Consumer Reports recently published its Advanced Auto Safety Systems Survey, which closely examines owner experiences with a range of safety features. Over 57,000 Consumer Reports subscribers participated in the survey, which provided valuable feedback on certain safety technology that came equipped in approximately 66,000 vehicles with model years ranging from 2011 to 2017. The results of the survey found that, overall, consumers appreciated these safety features for their effectiveness at preventing accidents.
The safety features that consumers responded to included automatic emergency braking (AEB), forward-collision warning (FCW), blind-spot warning (BSW), and lane-departure warning (LDW). While a percentage of respondents felt that the audible warnings or false alerts were annoying, the majority of car owners reported that they helped to prevent a car accident. The potentially life-saving aspect of these features far outweighed any complaints, including false alerts and warnings.
The safety features that received the highest satisfaction scores were blind-spot and rear cross-traffic warnings, with a score of 83 percent each. The high scores were largely due to the fact that consumers experienced the benefits of these features on a daily basis, as opposed to FCW or AEB, which only engage when the vehicle is at risk of being involved in a collision. In vehicles that were equipped with blind-spot warnings, the safety feature helped to prevent accidents in 35 percent of the vehicles, putting it at the top of the list. On the bottom of the list were adaptive cruise control and lane-keeping assist, which respondents found to be the least likely to prevent accidents.

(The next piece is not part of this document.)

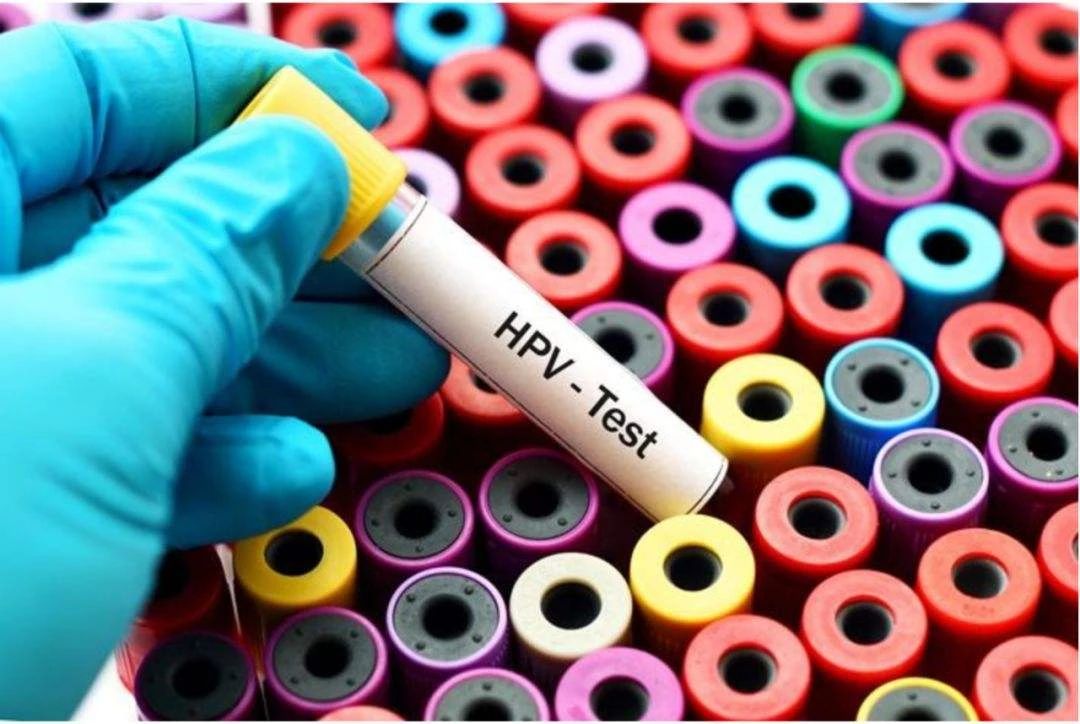 HPV分型檢測(cè)的重要性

Results of the survey also showed that approximately 45 percent of the vehicles that came equipped with FCW gave at least one false alert. However, only 18 percent of AEB-equipped vehicles engaged unnecessarily. While false alerts can be irritating and can cause the consumer to mistrust the system, Consumer Reports believes that the benefits of these systems clearly outweigh the minor annoyances. In fact, they believe that FCW and AEB should come standard in all vehicles, regardless of the false alerts. According to a study from the Insurance Institute for Highway Safety (IIHS,) rear-end collisions are reduced by 27 percent when the vehicle has FCW, and by 50 percent when a vehicle is also equipped with AEB. William Wallace, Policy Analyst for Consumers Union, the Policy and Mobilization Arm of Consumer Reports, commented that all consumers should have access to vehicles that are quipped with these safety features, not just the few who can afford expensive, luxury vehicles.